Electronic music is music that employs electronic musical instruments and electronic music technology in its production, an electronic musician being a musician who composes and/or performs such music. In general, a distinction can be made between sound produced using electromechanical means and that produced using electronic technology. Examples of electromechanical sound producing devices include the telharmonium, Hammond organ, and the electric guitar. Purely electronic sound production can be achieved using devices such as the theremin, sound synthesizer, and computer.

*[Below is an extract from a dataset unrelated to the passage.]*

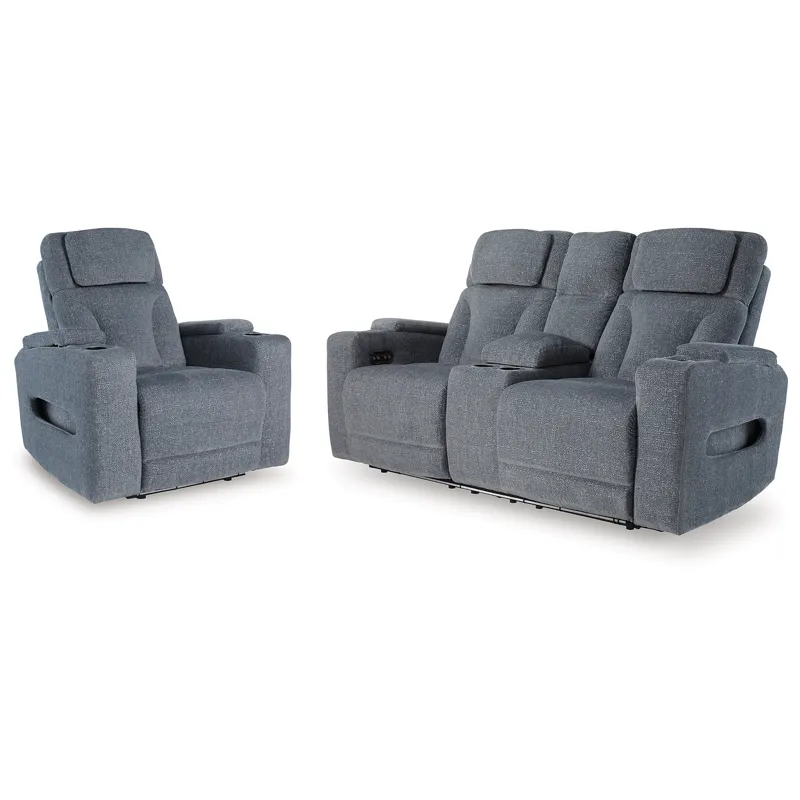Studio Cave Power Reclining Loveseat and Power Recliner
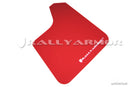 Rally Armor Universal Fit (No Hardware) Red UR Mud Flap w/ White Logo-1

The first electronic devices for performing music were developed at the end of the 19th century, and shortly afterward Italian Futurists explored sounds that had previously not been considered musical. During the 1920s and 1930s, electronic instruments were introduced and the first compositions for electronic instruments were composed. By the 1940s, magnetic audio tape allowed musicians to tape sounds and then modify them by changing the tape speed or direction, leading to the development of electroacoustic tape music in the 1940s, in Egypt and France. Musique concrète, created in Paris in 1948, was based on editing together recorded fragments of natural and industrial sounds. Music produced solely from electronic generators was first produced in Germany in 1953. Electronic music was also created in Japan and the United States beginning in the 1950s. An important new development was the advent of computers for the purpose of composing music. Algorithmic composition was first demonstrated in Australia in 1951.
In America and Europe, live electronics were pioneered in the early 1960s. During the 1970s to early 1980s, the monophonic Minimoog became once the most widely used synthesizer at that time in both popular and electronic art music.